Having revealed that Trott celebrated with the South Africans when they won the Test series in England in 2008, and that “it hit home what English cricket has become like”, Vaughan was having a pop at England’s open-door policy towards overseas opportunists.

He was not the first to cast aspersions on Trott’s patriotism. During Trott’s Test debut at the Oval in August, Ricky Ponting strolled past him and said loudly enough to wicketkeeper Brad Haddin to ensure Trott overheard: “Does he speak like a Pom or a Yarpy?”

Undeterred, Trott contributed a confident 41 in his first Test innings, and that unflappable, Ashes-clinching hundred in his second.
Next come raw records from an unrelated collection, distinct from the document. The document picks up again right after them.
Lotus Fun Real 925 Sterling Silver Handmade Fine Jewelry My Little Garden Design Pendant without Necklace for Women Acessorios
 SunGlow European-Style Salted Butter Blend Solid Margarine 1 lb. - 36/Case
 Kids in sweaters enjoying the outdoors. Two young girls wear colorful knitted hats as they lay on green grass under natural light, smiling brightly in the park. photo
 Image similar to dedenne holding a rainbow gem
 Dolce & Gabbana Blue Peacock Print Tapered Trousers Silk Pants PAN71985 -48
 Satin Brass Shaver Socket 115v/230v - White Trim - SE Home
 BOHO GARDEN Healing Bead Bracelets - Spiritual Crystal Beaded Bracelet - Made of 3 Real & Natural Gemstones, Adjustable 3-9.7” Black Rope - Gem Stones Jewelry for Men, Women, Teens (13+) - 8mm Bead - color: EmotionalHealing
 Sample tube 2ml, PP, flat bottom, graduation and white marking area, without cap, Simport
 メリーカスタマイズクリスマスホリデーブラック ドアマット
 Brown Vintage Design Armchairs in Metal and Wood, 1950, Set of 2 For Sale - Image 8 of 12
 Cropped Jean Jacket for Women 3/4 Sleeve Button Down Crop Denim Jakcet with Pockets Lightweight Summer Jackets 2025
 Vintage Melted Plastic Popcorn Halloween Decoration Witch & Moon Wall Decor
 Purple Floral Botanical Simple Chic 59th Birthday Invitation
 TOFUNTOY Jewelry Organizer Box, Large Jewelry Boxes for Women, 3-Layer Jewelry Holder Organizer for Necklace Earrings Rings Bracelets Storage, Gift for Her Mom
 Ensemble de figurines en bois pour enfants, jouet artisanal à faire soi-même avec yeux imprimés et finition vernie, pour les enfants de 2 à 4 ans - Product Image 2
What he achieved on such an occasion is a testament to him and the men who chose him and should eclipse any doubts about an expatriate South African’s commitment to the England cause.

We have been here many times before. There was a vivid irony in the 1890s when KS Ranjitsinjhi, born and raised in India but making mountains of runs for Cambridge University and Sussex, was blocked from England selection by the president of the MCC, Lord Harris, because he said only “native-born” players could be chosen.

Harris, a former England captain, was born in Trinidad. Harris was overruled for the next Test, and Ranji exceeded even Trott’s debut, making 62 and 154 not out.